> What is expected: Each line of the data below goes into the copy exactly; pictures do not.

> Data shown:
=== Begin Enclosure ===

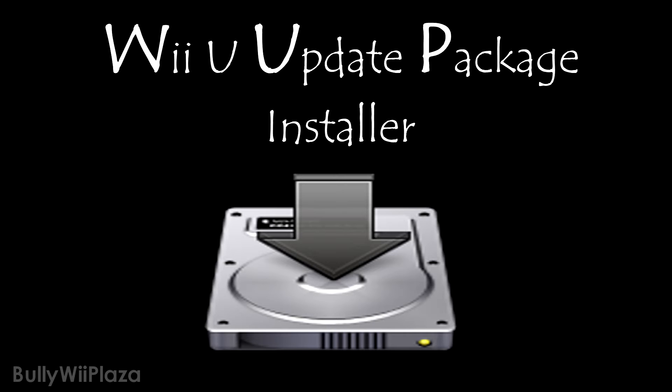Besides the title ID, you can also submit a version. However, if you leave it blank it will download the latest one. In the following I will show you how to look up the title ID of Mario Kart 8 European version and download its latest update using Nusk Grabber.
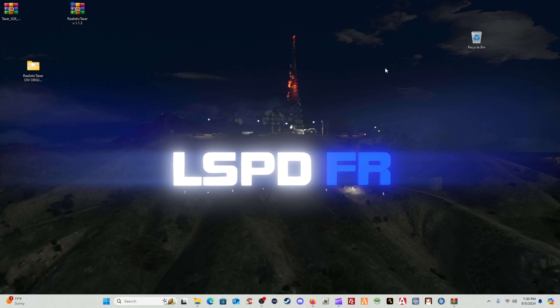Leave everything else alone. Go to File, Save, and close out. It is 7:30 PM — I've done a lot of editing and had some interruptions, but I'm getting ready to take you all inside for an in-game showcase of the Taser X26 and the realistic taser inside LSPDFR.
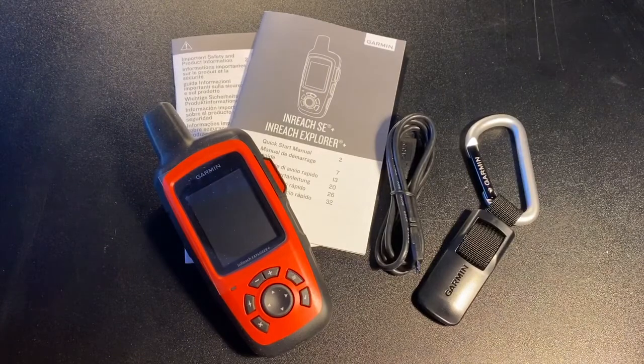I also bought a backpack tether and I'll show it to you in just a second. I have the backpack tether with my Garmin inReach Mini as well.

=== End Enclosure ===

> Solution for this task:
Besides the title ID, you can also submit a version. However, if you leave it blank it will download the latest one. In the following I will show you how to look up the title ID of Mario Kart 8 European version and download its latest update using Nusk Grabber.
Leave everything else alone. Go to File, Save, and close out. It is 7:30 PM — I've done a lot of editing and had some interruptions, but I'm getting ready to take you all inside for an in-game showcase of the Taser X26 and the realistic taser inside LSPDFR.
I also bought a backpack tether and I'll show it to you in just a second. I have the backpack tether with my Garmin inReach Mini as well.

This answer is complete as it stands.